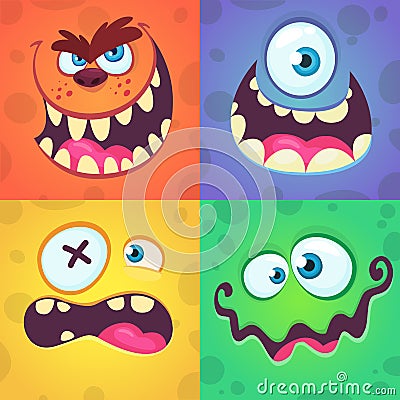 Cartoon monster faces set. Vector set of four Halloween monster faces with different expressions Vector Illustration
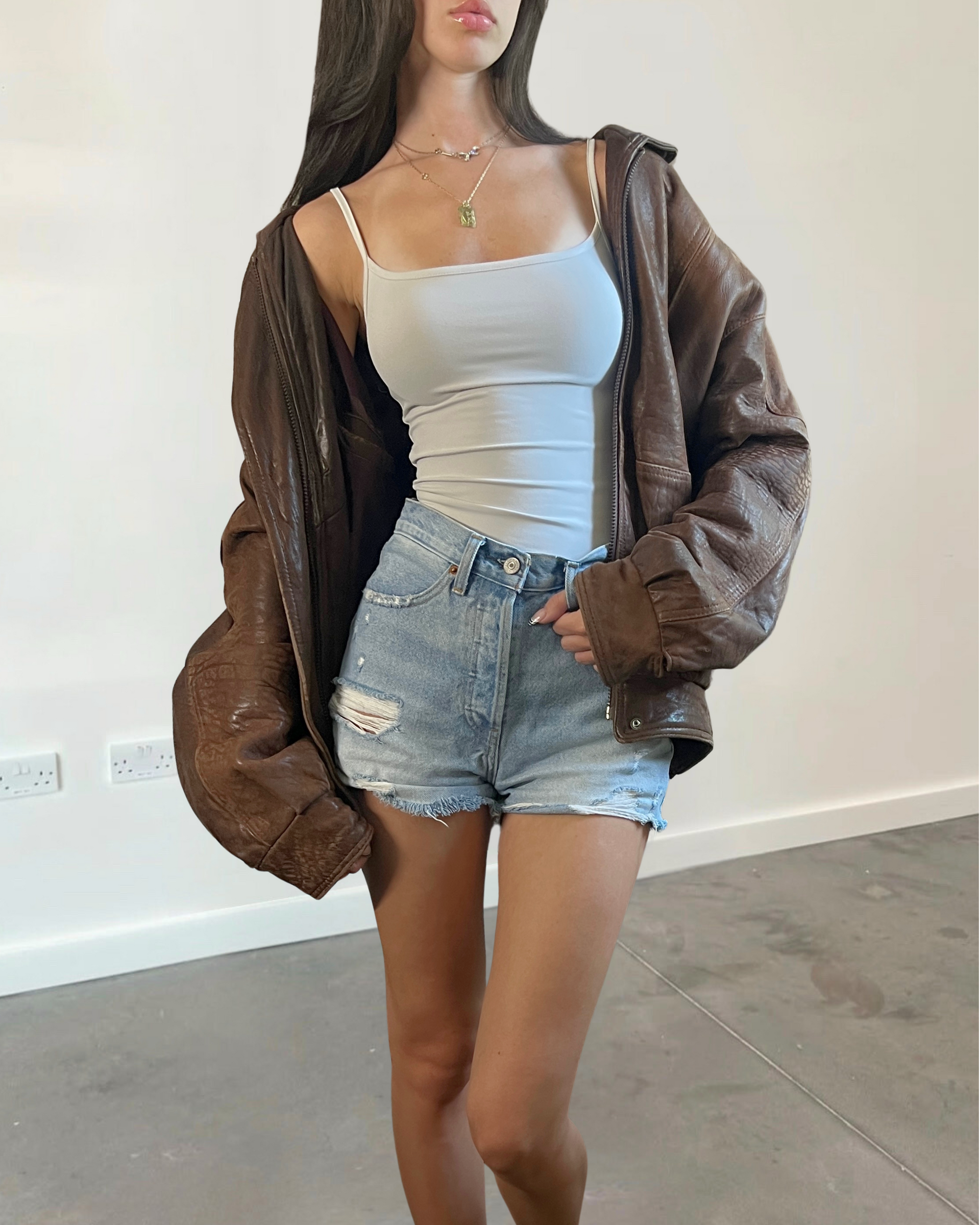 Daisy Leather Bomber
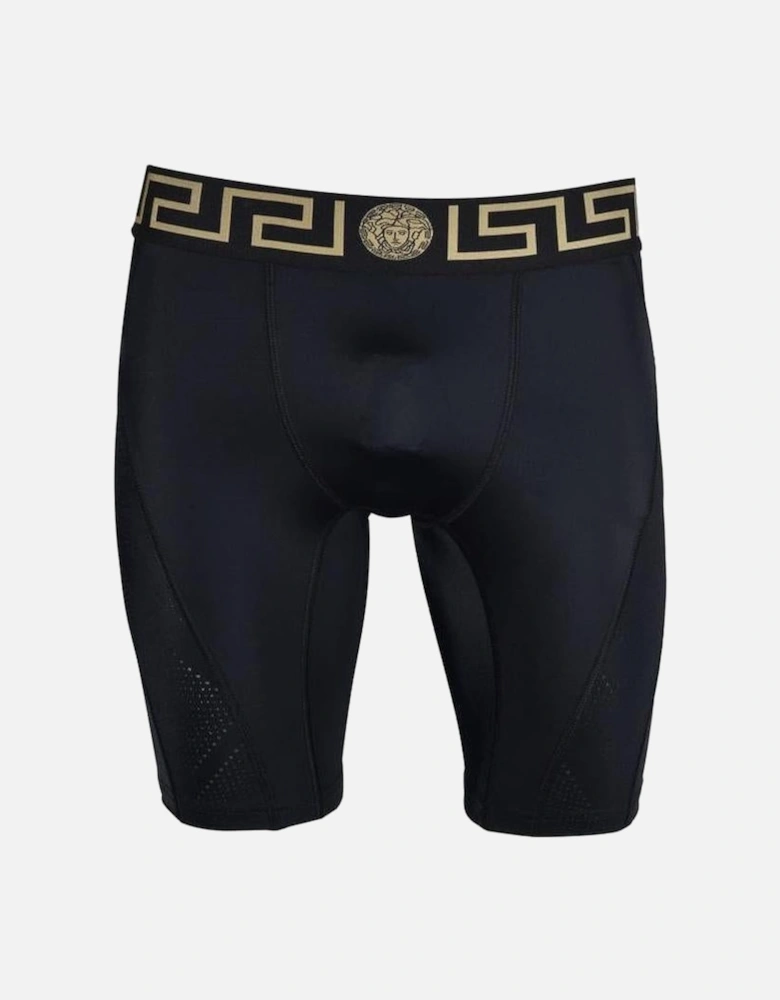Iconic Greca Technical Gym Shorts, Black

#### [REQUIRED ACTION]
The lines to write out run from the one containing "Daisy Leather Bomber" through the final line of the material above, both included; write them out exactly, with no pictures.

#### [SOLUTION TO THE PROBLEM]
 Daisy Leather Bomber
Iconic Greca Technical Gym Shorts, Black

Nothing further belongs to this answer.